Text Archives: Machine Learning
Think about:
- How do you generate a representative sample to train on?
- Many methods developed for use with clean natively digital text
- May need to address issues with spelling errors, transcription errors with historical archives
- Options like Word2Vec, FastText may help
- What is the unit of classification: example, newspaper pages vs. blocks of text
Text Archives: Hand Coding
What is it?
Hire research assistants to classify a sample of documents using a codebook.
Text Archives: Hand Coding
Pros:
- You probably need to do this anyway to validate keywords/machine learning
- Humans can follow clear coding guidelines
- Random sampling for inference
Cons:
- Costly in both time and money
- May generate insufficient data for research design (lynching coverage)
Choices to make
Record Linkage
If archives are contain records of people/organizations to be linked:
- Deterministic rules (APSR civil war)
- Probabilistic Models (FastLink)
- Machine Learning (Feigenbaum)
Record Linkage:
Things to think about:
- historical data have more errors:
- unknown birth years;
- name spellings are weird;
- lots of abbreviated names/initials only
- hand matching to get a “ground truth” is hard to do
- what do you do about non-matches?
Record Linkage: Applications
Matching soldiers to hometowns:
- Township-level returns on votes for black suffrage in 1857/1865 for Iowa and Wisconsin
- Iowa and Wisconsin enlistment data, including place of residence
- If not uniquely linked to township by name, link soldier to 1860 census records using FastLink
- Distribute unmatched among possible communities, weighting by population
Record Linkage: Applications
Matching Indiana soldiers to post-war partisanship
- link soldiers to 1860 Census using FastLink (“findable” and verify residence)
- link soldiers to 1874 People’s Guide (deterministic)
Need to validate
We need to show that our synoptic reading of archive is valid
- Are the measures capturing what we intend?
- What kind of measurement error?
- Are there possible issues of inclusion/exclusion?
- Think about addressing measurement error/sample problems using research design
Validating Measures
Need to evaluate whether measures from archive align with another data source:
- Hand-coded data
- Another, authoritative database (Adjutant General Reports)
- “Out of sample” predictions
Validation Metrics
Continuous Measures:
- Usually some kind of correlation
Binary/Categorical Classification:
- “recall” or true positive rate: fraction of true members of category that are identified as matches by an algorithm
- “precision” or PPV: fraction of cases identified as matches by an algorithm that are correct matches.
Validation: Example 1
When measuring “coverage” of lynching, I count any mention of “lynching” within 7 days of a lynching event as “coverage”.
- How well does that definition do when applied to hand-coded coverage of lynching?
Validation: Example 2
When measuring lynching discourse, I generated a dictionary of pro- and anti-lynching keywords. The overall score was the anti-lynching minus pro-lynching keyword count.

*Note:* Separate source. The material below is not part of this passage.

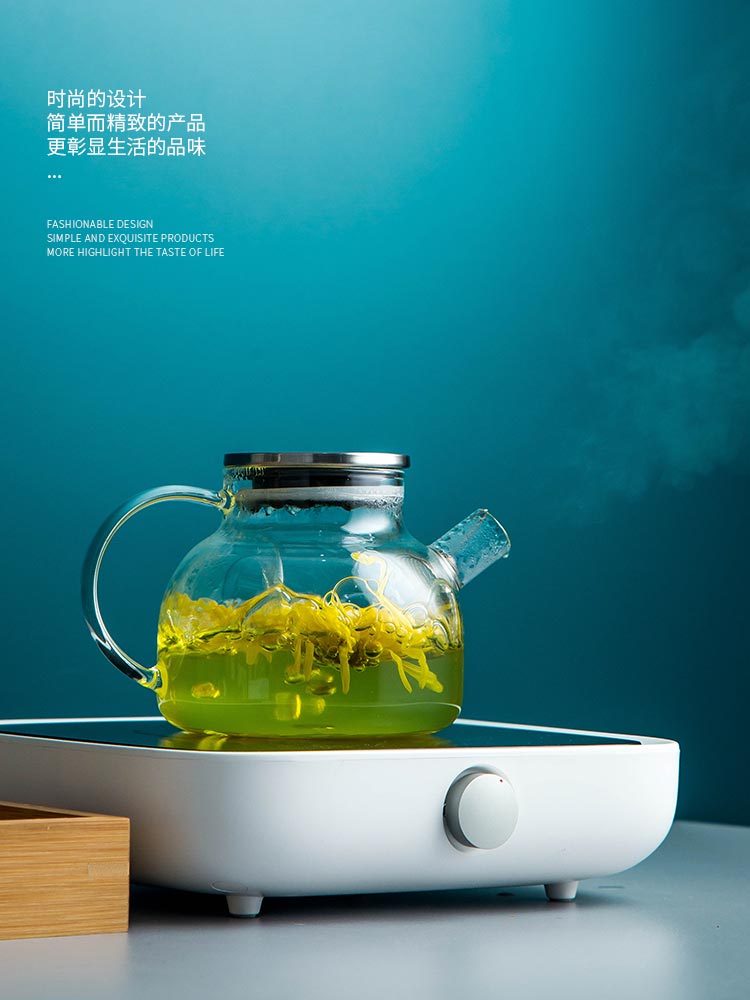 Glass tea set kung fu tea cups office transparent contracted and I high temperature resistant black tea tea teapot household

How does this compare to hand-coded lynching discourse?
Validation: Example 3
When estimating effects of wartime experience on post-war partisanship, I only match ~30% of soldiers after the war.
- Is there attrition bias?
- If there were, would expect people who are likely Democrats and likely Republicans have different rates of attrition
- Use machine learning to predict partisanship based on name, birth year, place of birth for 1874 respondents not matched to veterans
Predictions for veterans identified in 1874

Predictions of 1860 Presidential Vote in 9 counties

Predictions of 1860 Presidential Vote in townships

Validating Measures
Lessons learned:
- Need a “ground truth” data set: find one or make one
- Helpful to have a “standard candle” to give meaning to effect sizes (e.g. black newspapers and lynching keywords)

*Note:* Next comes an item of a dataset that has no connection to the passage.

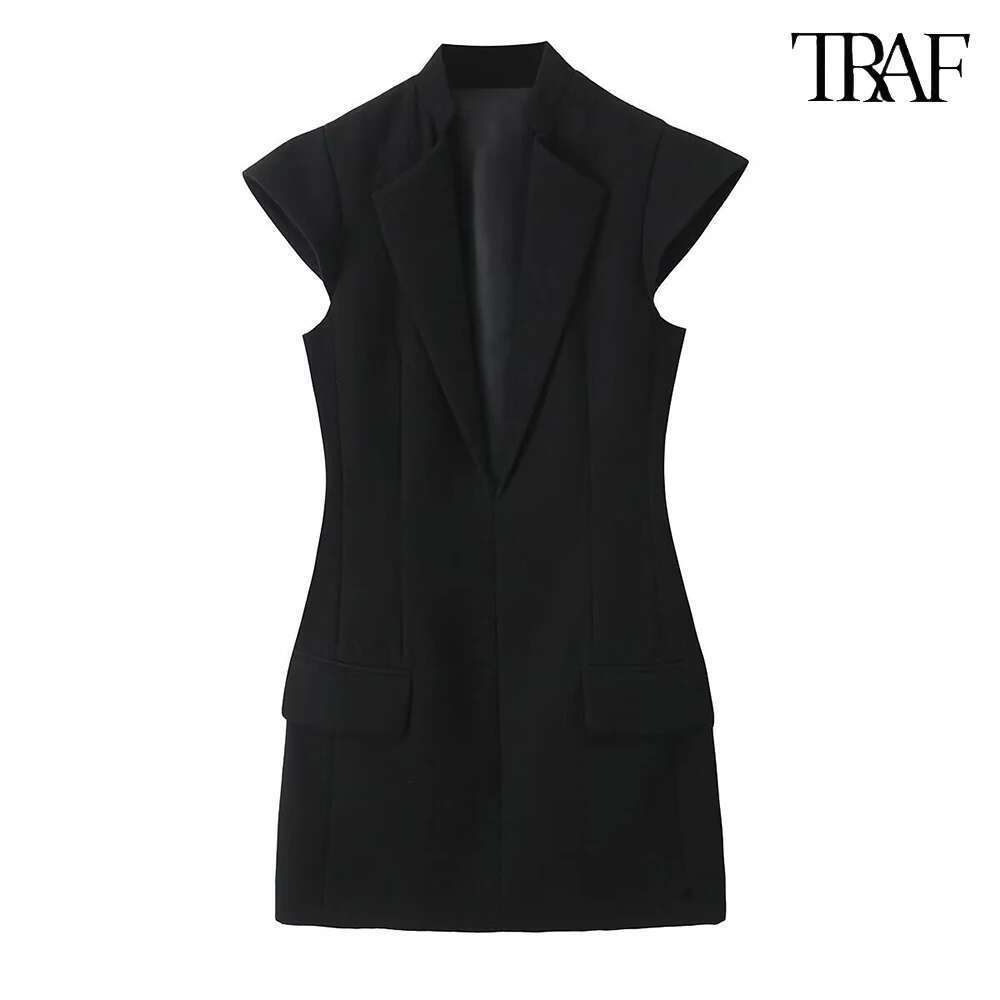 TRAF New Women's Solid Colour with Padded Sexy Mini Deep V Neck Slope Shoulder Dress 2025 Vintage Slim Dresses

- Think about whether measurement error is a problem:
- is it increasing standard errors (DV), attenuation bias (IV), or inducing unknown bias (control variables)
- If there are problems, address in analysis:
- some anti-lynching keywords performed poorly
- lynching discourse measure sensitive to number of keywords found
Checking the Sample
You need to see whether the archive you have systematically excludes data
- unknown unknowns
- you don’t always have a record of what is missing
Best advice:
- Find “full” record for all or subset of objects in archive
- Compare what is available to what isn’t (for the possible set)
Checking the Sample: Example
Historical Newspaper Digitization:
- Compare digitized newspapers to list of KNOWN newspapers in library catalogs, identified by Library of Congress
- Uneven digitization rates across states
- A function of state government funding priorities
Checking the Sample: Example
Attrition in effects of wartime experience on partisanship:
- Matched soldiers to 1860 census to focus on people who are “findable” pre-treatment
- Gives baseline attributes of those who are missing post-treatment
- Check for imbalance in attrition
Bonus: heterogeneous effects by “latent partisanship”
- effects should be stronger on those who demographically look like Democrats
What to do about unrepresentative archives:
- Research design that accounts for unrepresentativeness
- Lynching coverage analysis uses newspaper fixed effects to account for changing composition of sample
- Make claims about the sample, not the population